I am working on a project right now where I need to perform calculations for numbers with base 256. I am reading bytes of a file and storing it in an array of uint8_t (a.k.a unsigned char or BYTE). The largest supported number data type doesn't satisfy the needs of my project. So the array of bytes is acting like a custom length/size data type (BigInt).

I now need to perform arithmetic on it like: -1, /2, %2.

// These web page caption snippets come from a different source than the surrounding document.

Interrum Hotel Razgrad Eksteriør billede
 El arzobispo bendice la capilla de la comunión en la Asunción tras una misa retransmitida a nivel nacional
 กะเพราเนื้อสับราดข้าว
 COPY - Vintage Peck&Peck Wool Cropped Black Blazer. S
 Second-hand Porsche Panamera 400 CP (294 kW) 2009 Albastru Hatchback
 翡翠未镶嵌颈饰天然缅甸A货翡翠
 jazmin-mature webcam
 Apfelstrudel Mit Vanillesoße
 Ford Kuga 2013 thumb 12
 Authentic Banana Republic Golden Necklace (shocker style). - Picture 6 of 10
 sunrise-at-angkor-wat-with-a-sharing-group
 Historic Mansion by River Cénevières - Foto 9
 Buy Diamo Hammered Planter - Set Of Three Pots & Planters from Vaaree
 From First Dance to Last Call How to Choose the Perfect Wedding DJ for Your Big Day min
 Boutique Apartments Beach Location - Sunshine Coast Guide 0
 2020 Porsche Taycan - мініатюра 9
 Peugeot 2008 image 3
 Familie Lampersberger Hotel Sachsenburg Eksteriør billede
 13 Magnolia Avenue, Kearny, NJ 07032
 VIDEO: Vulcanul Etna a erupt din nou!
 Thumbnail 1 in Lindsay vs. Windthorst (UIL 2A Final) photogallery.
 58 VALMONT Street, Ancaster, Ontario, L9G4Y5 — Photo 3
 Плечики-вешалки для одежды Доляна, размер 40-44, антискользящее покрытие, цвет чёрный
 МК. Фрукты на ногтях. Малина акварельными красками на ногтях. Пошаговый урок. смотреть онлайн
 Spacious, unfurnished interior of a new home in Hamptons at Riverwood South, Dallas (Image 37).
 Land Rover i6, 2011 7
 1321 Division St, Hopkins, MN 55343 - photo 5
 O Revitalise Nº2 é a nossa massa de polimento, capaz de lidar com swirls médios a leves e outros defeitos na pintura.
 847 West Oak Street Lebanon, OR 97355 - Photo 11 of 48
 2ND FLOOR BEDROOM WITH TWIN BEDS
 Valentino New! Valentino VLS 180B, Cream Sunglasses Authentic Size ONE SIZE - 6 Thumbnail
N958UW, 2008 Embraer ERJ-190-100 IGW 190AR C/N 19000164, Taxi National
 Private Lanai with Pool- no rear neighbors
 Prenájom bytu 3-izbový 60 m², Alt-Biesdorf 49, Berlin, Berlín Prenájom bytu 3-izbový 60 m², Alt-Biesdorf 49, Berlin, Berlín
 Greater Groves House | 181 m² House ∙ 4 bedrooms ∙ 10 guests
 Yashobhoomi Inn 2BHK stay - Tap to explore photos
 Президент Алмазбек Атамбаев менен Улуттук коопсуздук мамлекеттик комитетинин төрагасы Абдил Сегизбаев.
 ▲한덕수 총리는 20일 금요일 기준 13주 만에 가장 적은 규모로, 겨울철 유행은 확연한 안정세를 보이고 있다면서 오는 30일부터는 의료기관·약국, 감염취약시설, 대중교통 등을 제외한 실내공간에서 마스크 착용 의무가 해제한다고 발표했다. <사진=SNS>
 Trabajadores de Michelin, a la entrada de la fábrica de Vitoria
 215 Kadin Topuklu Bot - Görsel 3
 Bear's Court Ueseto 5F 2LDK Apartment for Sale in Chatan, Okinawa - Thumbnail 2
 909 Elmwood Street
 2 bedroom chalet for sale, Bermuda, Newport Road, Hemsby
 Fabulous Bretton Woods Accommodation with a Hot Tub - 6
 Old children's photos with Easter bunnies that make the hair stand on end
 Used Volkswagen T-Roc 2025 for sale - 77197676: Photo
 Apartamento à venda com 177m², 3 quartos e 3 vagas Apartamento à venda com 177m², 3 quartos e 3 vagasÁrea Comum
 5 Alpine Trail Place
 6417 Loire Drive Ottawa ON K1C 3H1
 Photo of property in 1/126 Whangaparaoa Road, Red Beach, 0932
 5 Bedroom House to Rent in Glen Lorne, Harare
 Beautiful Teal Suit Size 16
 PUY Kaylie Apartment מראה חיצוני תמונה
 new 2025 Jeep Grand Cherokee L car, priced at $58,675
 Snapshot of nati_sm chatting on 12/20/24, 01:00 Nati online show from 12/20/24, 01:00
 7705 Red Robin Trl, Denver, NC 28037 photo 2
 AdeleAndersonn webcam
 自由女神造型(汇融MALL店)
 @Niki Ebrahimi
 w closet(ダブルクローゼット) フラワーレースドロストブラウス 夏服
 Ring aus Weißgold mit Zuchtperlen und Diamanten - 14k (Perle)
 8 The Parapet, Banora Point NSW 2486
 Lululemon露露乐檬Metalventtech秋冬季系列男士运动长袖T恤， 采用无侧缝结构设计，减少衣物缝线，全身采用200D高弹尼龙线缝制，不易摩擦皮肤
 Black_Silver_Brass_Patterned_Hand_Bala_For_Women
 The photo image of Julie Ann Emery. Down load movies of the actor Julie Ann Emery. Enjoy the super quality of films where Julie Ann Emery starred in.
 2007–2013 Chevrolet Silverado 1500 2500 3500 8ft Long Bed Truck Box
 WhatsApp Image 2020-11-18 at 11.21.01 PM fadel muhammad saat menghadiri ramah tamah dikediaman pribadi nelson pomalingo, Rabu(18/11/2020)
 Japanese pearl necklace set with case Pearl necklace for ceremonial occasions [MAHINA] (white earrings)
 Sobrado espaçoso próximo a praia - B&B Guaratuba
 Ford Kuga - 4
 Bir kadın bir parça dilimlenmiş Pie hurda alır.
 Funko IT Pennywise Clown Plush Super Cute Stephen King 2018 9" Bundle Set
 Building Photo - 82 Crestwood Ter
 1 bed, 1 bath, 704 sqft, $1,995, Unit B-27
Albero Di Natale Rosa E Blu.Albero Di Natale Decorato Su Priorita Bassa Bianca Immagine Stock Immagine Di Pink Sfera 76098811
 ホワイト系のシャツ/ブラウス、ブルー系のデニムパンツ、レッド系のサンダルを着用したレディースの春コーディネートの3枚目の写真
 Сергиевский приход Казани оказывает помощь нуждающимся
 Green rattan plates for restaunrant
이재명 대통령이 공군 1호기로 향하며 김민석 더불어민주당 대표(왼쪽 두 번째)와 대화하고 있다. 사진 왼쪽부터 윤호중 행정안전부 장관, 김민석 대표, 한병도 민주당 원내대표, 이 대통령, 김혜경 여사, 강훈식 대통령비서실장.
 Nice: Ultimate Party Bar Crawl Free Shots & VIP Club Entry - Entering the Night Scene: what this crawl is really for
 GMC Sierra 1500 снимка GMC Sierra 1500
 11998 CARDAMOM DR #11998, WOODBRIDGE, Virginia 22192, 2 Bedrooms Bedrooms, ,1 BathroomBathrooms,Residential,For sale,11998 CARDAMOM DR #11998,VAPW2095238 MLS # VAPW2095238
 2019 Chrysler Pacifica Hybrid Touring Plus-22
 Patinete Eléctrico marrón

For example this is how addition looks like to demonstrate how my numbers should work:

9   + 1 = (10)
99  + 1 = (100)
255 + 1 = (1)+(0)<<8
255 + 2 = (1)+(1)<<8

Note: First one's is 10 as in 10 is occupying 1 digit whereas the third one is 1 0 as in it's occupying 2 digits. Also I cant convert them to integers because I have to deal with huge numbers.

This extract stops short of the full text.